2.3 Common Baseball Data Transformations

Now that we understand the core tools, let's apply them to common baseball analytics tasks.

2.3.1 Calculating Rate Stats (per PA, per IP) {#rate-stats}

Raw counting stats (HR, RBI, SO) depend on playing time. Rate statistics normalize these for comparison.

R Example: Batting Rates

library(baseballr)
library(tidyverse)

# Get 2024 data
batters <- fg_batter_leaders(2024, 2024, qual = 100)

# Calculate per-PA and per-game rates
batters_rates <- batters %>%
  mutate(
    # Runs created per 27 outs (approximation)
    RC27 = (R + RBI - HR) / (AB - H + CS + GIDP) * 27,

    # Home runs per plate appearance
    HR_per_PA = HR / PA,

    # Walks per plate appearance
    BB_per_PA = BB / PA,

    # Extra base hits
    XBH = `2B` + `3B` + HR,
    XBH_per_PA = XBH / PA,

    # Total bases per plate appearance
    TB = H + `2B` + (`3B` * 2) + (HR * 2),
    TB_per_PA = TB / PA,

    # Speed score components
    SB_per_game = SB / G,

    # Production: OBP + SLG (quick OPS equivalent)
    Production = OBP + SLG
  )

# Top home run hitters by rate
hr_rate_leaders <- batters_rates %>%
  filter(PA >= 400) %>%
  select(Name, Team, PA, HR, HR_per_PA) %>%
  arrange(desc(HR_per_PA)) %>%
  head(10)

print(hr_rate_leaders)

Python Example: Pitching Rates

from pybaseball import pitching_stats
import pandas as pd

# Get 2024 pitching data
pitchers = pitching_stats(2024, qual=100)

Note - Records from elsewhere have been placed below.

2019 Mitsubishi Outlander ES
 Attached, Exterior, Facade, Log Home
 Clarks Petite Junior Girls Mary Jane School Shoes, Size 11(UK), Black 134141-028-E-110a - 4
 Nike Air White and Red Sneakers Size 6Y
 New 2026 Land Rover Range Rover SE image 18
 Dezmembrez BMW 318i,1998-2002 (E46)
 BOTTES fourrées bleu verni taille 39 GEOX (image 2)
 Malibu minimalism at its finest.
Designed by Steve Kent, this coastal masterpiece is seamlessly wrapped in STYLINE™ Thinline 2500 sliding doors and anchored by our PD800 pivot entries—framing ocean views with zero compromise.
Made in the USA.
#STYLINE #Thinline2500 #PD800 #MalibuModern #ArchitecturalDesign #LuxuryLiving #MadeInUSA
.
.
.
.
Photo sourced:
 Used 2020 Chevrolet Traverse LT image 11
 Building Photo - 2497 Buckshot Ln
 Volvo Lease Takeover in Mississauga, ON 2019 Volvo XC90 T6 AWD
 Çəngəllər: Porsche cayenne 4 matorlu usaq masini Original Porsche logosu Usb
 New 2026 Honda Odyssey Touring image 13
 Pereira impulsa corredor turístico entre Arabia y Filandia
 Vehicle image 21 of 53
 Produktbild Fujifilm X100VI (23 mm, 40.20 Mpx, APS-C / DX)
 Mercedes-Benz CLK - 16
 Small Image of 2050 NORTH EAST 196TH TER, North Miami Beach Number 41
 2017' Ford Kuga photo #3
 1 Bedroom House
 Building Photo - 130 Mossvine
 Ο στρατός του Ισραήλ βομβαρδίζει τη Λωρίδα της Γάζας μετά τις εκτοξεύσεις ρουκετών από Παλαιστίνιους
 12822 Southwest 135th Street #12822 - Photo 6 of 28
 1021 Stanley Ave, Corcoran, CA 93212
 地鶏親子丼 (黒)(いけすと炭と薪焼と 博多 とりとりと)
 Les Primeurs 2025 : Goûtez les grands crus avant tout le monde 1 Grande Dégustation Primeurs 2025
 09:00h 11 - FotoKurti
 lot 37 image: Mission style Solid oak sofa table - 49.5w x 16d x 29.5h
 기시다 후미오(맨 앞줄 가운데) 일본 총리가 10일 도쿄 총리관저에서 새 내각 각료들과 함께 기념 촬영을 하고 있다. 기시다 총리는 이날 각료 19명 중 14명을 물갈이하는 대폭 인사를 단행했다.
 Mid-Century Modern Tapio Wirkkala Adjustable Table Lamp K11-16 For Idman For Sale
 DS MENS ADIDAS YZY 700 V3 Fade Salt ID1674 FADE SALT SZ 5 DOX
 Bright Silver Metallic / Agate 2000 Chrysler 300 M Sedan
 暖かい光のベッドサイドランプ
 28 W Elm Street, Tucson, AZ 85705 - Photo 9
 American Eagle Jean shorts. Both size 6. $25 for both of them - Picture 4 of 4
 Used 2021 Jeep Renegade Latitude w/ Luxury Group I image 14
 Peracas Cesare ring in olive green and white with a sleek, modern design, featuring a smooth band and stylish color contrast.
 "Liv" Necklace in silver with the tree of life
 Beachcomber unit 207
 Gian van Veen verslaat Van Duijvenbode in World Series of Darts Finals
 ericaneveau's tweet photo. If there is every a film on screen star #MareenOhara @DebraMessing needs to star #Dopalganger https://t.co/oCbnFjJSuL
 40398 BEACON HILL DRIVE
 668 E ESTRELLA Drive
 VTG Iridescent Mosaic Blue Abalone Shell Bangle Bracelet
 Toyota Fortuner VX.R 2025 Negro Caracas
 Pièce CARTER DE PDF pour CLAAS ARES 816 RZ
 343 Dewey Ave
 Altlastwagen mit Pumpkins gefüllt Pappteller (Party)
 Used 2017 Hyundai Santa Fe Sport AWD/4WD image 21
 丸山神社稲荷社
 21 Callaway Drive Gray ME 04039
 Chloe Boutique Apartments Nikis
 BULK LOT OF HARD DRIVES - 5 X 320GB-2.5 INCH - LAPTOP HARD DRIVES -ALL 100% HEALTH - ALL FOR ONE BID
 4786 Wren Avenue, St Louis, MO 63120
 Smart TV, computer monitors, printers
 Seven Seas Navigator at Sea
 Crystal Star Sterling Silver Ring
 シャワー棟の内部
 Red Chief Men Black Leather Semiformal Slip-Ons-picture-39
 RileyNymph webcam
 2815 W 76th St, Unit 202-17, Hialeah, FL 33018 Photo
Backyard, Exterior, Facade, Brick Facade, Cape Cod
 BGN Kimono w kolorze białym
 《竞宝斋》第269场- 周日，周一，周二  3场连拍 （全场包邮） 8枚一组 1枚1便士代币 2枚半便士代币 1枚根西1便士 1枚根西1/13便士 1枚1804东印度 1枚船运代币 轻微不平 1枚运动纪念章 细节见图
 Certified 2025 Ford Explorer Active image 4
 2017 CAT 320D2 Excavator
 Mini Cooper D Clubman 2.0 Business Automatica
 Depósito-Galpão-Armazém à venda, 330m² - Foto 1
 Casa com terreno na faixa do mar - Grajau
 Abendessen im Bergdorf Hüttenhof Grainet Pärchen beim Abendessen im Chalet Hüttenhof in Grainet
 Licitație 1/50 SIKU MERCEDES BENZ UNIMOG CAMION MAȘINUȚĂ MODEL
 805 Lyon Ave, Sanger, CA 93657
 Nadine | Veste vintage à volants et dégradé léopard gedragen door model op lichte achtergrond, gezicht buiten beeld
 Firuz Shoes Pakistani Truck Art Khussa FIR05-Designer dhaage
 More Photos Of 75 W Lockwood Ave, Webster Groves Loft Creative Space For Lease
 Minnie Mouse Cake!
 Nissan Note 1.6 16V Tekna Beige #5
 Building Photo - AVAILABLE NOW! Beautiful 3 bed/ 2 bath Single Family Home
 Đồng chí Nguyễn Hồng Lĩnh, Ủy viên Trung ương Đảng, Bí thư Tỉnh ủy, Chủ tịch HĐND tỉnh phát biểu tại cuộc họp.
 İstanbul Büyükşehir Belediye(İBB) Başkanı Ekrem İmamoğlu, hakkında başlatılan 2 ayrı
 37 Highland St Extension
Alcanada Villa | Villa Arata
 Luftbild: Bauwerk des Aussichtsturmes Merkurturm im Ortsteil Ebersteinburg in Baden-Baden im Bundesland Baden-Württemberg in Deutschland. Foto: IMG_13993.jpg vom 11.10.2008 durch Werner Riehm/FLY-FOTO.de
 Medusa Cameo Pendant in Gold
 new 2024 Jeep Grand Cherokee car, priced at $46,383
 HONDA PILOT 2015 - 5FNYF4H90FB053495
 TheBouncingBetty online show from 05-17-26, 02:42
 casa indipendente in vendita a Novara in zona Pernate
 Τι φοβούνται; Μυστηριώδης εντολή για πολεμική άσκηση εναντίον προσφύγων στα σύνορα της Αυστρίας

# Calculate rate statistics
pitchers['K_per_9'] = (pitchers['SO'] / pitchers['IP']) * 9
pitchers['BB_per_9'] = (pitchers['BB'] / pitchers['IP']) * 9
pitchers['HR_per_9'] = (pitchers['HR'] / pitchers['IP']) * 9
pitchers['H_per_9'] = (pitchers['H'] / pitchers['IP']) * 9

# K/BB ratio
pitchers['K_BB_ratio'] = pitchers['SO'] / pitchers['BB']

# Strikeout rate and walk rate (per batter faced)
# Note: Estimate BF if not available
pitchers['est_BF'] = pitchers['IP'] * 3 + pitchers['H'] + pitchers['BB'] + pitchers['HBP']
pitchers['K_rate'] = pitchers['SO'] / pitchers['est_BF']
pitchers['BB_rate'] = pitchers['BB'] / pitchers['est_BF']

# WHIP (Walks + Hits per Inning Pitched)
pitchers['WHIP'] = (pitchers['BB'] + pitchers['H']) / pitchers['IP']

# Quality starts rate (if available)
if 'QS' in pitchers.columns:
    pitchers['QS_rate'] = pitchers['QS'] / pitchers['GS']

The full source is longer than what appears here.